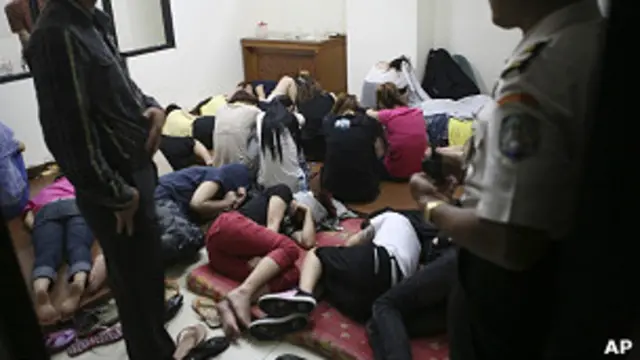 印尼雅加达移民官员展示被警方拘捕的台陆诈骗嫌疑人（10/6/2011）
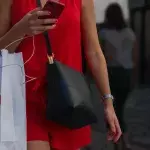 Frau mit H&M-Tüte am Handy
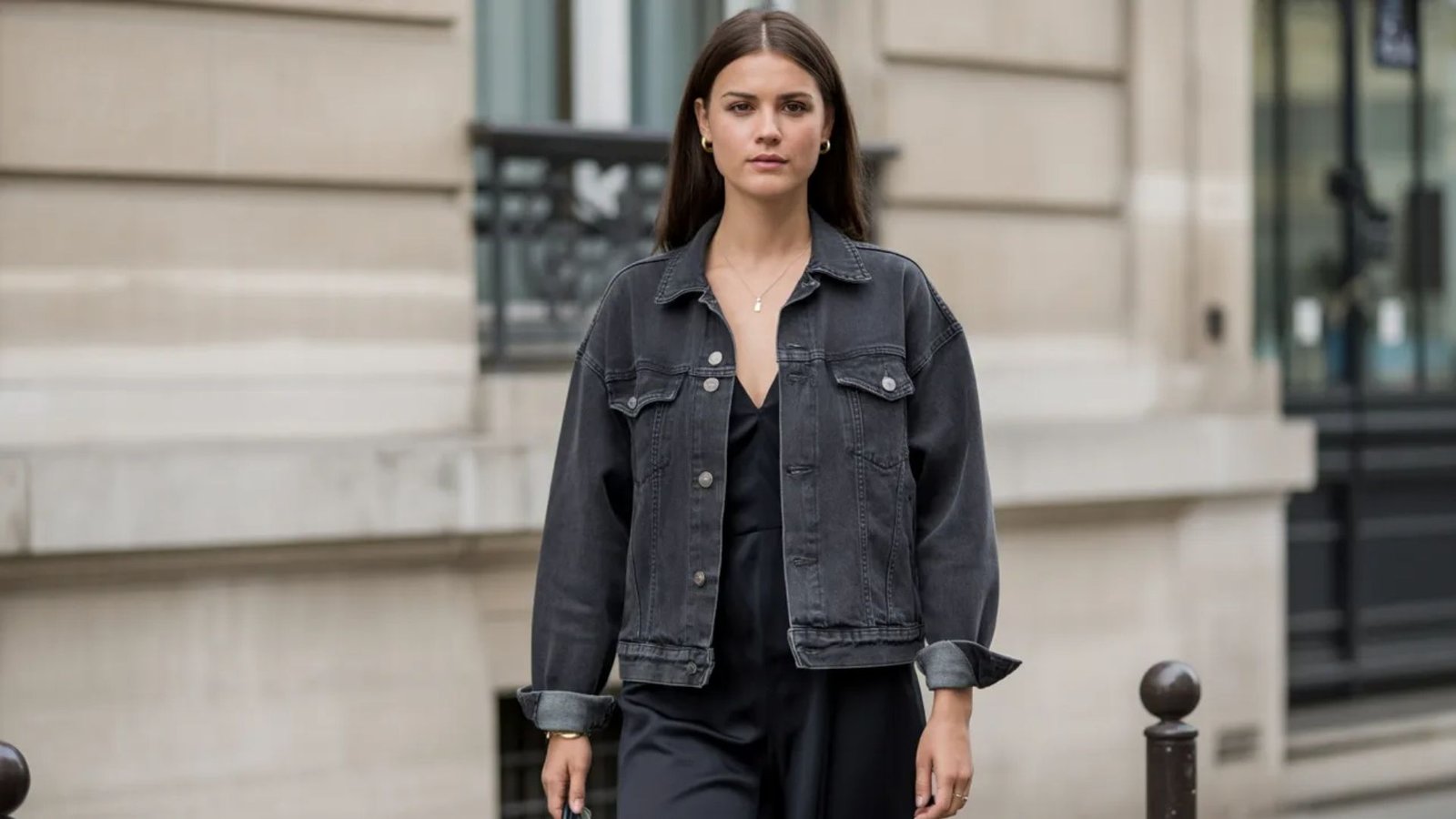 A woman wearing a black jumpsuit and a denim jacket stands confidently, showcasing a stylish and casual outfit.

● ● ● ● ● ● ●

§ ACTIVITY
Please retype the listing above word for word, skipping each picture.

§ OUTPUT BELOW
 印尼雅加达移民官员展示被警方拘捕的台陆诈骗嫌疑人（10/6/2011）
 Frau mit H&M-Tüte am Handy
 A woman wearing a black jumpsuit and a denim jacket stands confidently, showcasing a stylish and casual outfit.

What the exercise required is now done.